# Introduction/ measuring router bit flute length for CNC



## Fred Hargrove (Feb 28, 2016)

how do you measure flute length on router bit
set it up in your tool software cnc router table
thank fred


----------



## Cherryville Chuck (Sep 28, 2010)

Hi Fred and welcome. I'm going to move this over to the CNC sub forum and change the title so that you are more likely to get an answer.


----------



## Semipro (Mar 22, 2013)

Hello and welcome to the router forum.Fred


----------



## Stick486 (Jan 4, 2013)

welcome Fred...


----------



## fixtureman (Jul 5, 2012)

Fred Hargrove said:


> how do you measure flute length on router bit
> set it up in your tool software cnc router table
> thank fred


I've never had to input the cutter length in my tool data base just the diameter.


----------



## aahwhatever2 (Oct 16, 2015)

Welcome to the forum...

I am sure one of the CNC folks will get a good answer for ya!


----------



## SteveMI (May 29, 2011)

I know in my metal CAD/CAM they want flute length for endmills. The wood focused packages don't. My thought is that the metal machinist CAD/CAM are concerned about chip removal ability (metal doesn't compress as easy). 

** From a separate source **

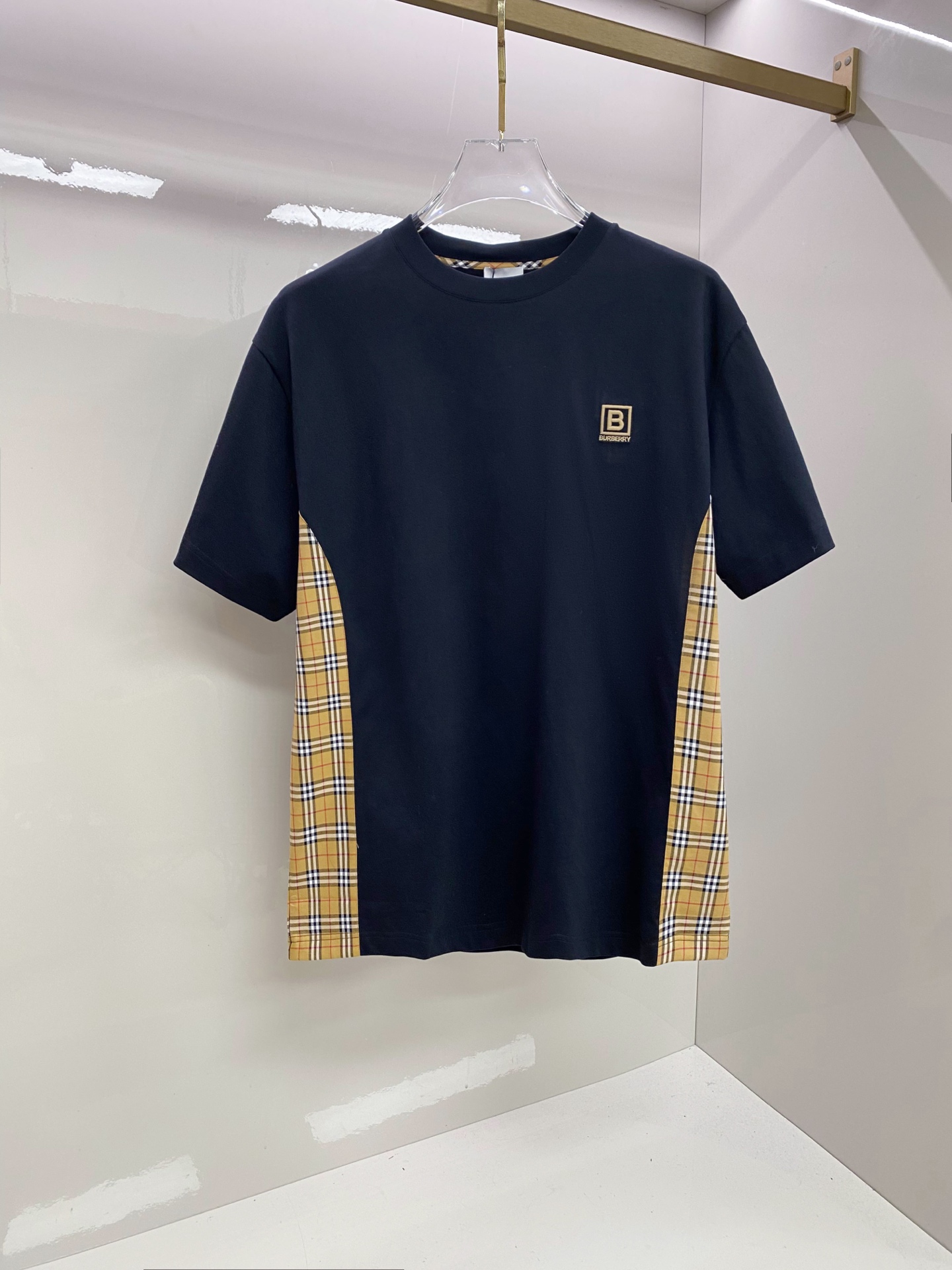 Burberry 巴宝莉 2026ss 春夏新款首发专柜最新款短袖圆领T恤 高端订制 设计前卫时尚！品牌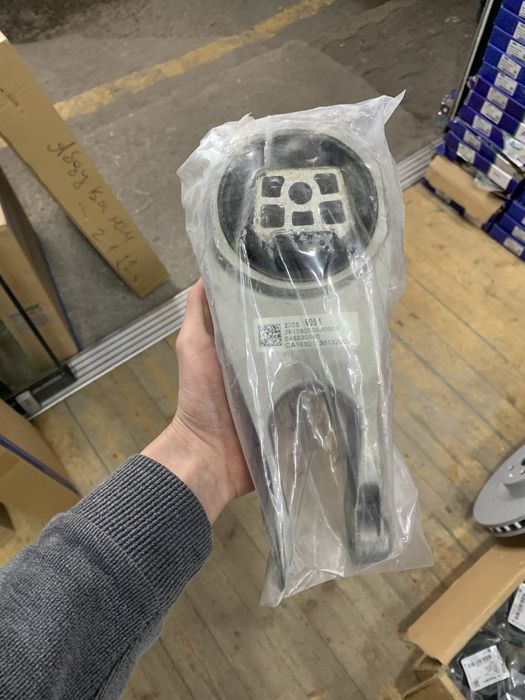 Подушка мотор и коробка Malibu2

Many router bit companies list the flute length as cutting length, such as Whiteside.
http://www.whitesiderouterbits.com/catimages07/catp2_a.gif

Steve


----------



## MEBCWD (Jan 14, 2012)

Fred there are many CNC software packages and it would help if you could tell us what software are you using that you want to input the flute length?


----------



## bgriggs (Nov 26, 2008)

Simple answer. measure the part of the bit that has a sharp edge. Usually it is 1"-2" long but really no two bits are the same. You can use a ruler or calipers to measure the length of the flutes. It is also a good idea to measure the actual cutting diameter of the bits. Most 1/4" bits are not actually 1/4" diameter. This can effect your cuts.

Bill


----------